A escola tradicional chamaria isso de dificuldade. O unschooling nos mostrou que é estilo. Que é linguagem. Que é o corpo pedindo outro ritmo. E assim fomos aprendendo a escutar.

A suspeita do meu próprio autismo veio como uma maré retroativa. A criança que eu fui — sensível, hipervigilante, exausta de tentar se encaixar — ganhou palavras. Comecei a entender porque o cansaço nunca passava, porque os relacionamentos sempre pareciam desgastantes, porque eu era tão boa em analisar o mundo e tão ruim em me localizar nele. E por que escrever sempre foi meu lugar seguro.

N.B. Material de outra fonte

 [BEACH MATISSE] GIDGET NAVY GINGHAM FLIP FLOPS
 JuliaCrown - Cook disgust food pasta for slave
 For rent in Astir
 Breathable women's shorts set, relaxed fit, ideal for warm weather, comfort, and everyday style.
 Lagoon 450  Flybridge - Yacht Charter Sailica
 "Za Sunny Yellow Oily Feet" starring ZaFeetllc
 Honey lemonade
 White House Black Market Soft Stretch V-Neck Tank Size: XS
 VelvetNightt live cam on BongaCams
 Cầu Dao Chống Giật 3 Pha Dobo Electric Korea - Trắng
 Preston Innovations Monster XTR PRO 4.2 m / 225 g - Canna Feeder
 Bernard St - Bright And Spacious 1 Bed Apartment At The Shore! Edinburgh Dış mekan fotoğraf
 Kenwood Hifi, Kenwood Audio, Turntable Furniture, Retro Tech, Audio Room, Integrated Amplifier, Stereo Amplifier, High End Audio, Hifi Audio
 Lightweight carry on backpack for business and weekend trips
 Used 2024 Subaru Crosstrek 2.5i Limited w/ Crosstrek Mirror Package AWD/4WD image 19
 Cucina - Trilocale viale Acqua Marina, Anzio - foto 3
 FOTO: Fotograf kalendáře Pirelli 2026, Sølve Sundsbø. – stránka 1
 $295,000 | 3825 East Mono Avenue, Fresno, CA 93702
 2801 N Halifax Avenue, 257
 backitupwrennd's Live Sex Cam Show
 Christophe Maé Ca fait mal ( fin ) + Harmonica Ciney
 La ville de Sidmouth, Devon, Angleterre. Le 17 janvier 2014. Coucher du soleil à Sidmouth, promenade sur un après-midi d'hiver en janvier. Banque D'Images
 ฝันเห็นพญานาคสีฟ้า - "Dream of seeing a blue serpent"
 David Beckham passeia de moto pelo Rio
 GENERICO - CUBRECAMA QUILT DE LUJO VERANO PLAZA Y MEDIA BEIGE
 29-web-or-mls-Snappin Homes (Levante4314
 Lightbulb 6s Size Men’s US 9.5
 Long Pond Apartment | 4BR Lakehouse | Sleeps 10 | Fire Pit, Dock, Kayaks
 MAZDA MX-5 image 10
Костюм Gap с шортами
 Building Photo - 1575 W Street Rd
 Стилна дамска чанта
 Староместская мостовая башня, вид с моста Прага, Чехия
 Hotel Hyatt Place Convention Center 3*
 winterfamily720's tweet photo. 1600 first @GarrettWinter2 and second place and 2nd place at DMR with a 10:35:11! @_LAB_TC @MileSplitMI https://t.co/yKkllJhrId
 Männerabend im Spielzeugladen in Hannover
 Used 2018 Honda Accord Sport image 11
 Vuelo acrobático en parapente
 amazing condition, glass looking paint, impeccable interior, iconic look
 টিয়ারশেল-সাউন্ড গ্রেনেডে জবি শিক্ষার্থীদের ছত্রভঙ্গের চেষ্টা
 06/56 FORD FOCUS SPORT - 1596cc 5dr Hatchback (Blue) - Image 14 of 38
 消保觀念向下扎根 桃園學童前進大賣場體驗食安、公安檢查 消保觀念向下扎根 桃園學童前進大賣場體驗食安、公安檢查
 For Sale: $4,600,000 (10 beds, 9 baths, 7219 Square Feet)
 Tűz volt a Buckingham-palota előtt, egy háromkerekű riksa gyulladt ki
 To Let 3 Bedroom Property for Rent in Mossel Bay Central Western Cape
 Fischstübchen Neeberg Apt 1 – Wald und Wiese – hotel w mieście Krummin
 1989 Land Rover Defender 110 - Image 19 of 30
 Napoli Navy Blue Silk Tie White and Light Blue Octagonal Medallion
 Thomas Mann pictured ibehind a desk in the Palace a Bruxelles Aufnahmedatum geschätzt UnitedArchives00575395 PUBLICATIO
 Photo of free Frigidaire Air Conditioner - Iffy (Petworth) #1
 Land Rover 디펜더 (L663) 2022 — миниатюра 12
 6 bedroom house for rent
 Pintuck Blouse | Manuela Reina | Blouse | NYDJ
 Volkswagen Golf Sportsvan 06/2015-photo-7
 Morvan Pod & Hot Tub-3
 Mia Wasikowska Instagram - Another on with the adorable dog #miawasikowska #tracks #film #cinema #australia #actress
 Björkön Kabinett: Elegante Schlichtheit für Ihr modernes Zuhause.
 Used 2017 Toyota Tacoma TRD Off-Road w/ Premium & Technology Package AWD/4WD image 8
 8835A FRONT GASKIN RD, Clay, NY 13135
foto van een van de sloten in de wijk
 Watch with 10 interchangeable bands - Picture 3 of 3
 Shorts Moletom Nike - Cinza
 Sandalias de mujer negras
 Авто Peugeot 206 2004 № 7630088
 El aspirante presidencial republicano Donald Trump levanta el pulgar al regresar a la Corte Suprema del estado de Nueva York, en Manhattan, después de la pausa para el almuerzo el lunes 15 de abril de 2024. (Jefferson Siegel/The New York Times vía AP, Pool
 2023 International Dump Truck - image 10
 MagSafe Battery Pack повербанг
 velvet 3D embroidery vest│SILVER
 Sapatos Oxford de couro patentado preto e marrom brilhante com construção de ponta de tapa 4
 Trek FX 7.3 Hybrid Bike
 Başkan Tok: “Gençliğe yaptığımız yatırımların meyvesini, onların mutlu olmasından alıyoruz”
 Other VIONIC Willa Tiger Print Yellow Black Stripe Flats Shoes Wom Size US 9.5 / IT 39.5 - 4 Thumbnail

É curioso como só conseguimos ver certas coisas depois que elas ganham nome. A suspeita não veio como sentença, veio como espelho. E foi um alívio. Não estou quebrada, só sou feita de um material diferente. Meus filhos também. E quantos de nós não são?

Hoje, a gente vive algo que gosto de chamar de unschooling neurodivergente. Aqui, o currículo é feito de hiperfocos, pausas, rituais e reinvenção. Se um assunto fascina, viramos esse assunto do avesso: pesquisamos, desenhamos, escrevemos, vivemos aquilo. Se um dia é difícil, a prioridade vira o cuidado. Se há sobrecarga, a lição é: primeiro, o corpo. Depois, o resto.

E sim, ainda tem dias difíceis. Crises, mal-entendidos, silêncios longos. Mas agora sabemos o que estamos atravessando. E isso muda tudo. Saber que somos neurodivergentes nos permitiu parar de lutar contra a nossa natureza e começar a viver com ela, por ela e a partir dela.

A educação, aqui, não é sobre vencer o autismo. É sobre acolhê-lo. Não é sobre apagar as diferenças. É sobre torná-las visíveis, narráveis, celebráveis. O unschooling nos libertou da escola. O autoconhecimento nos libertou da culpa. E nessa liberdade mútua, estamos aprendendo a viver — do nosso jeito, no nosso tempo, com a nossa verdade à flor da pele.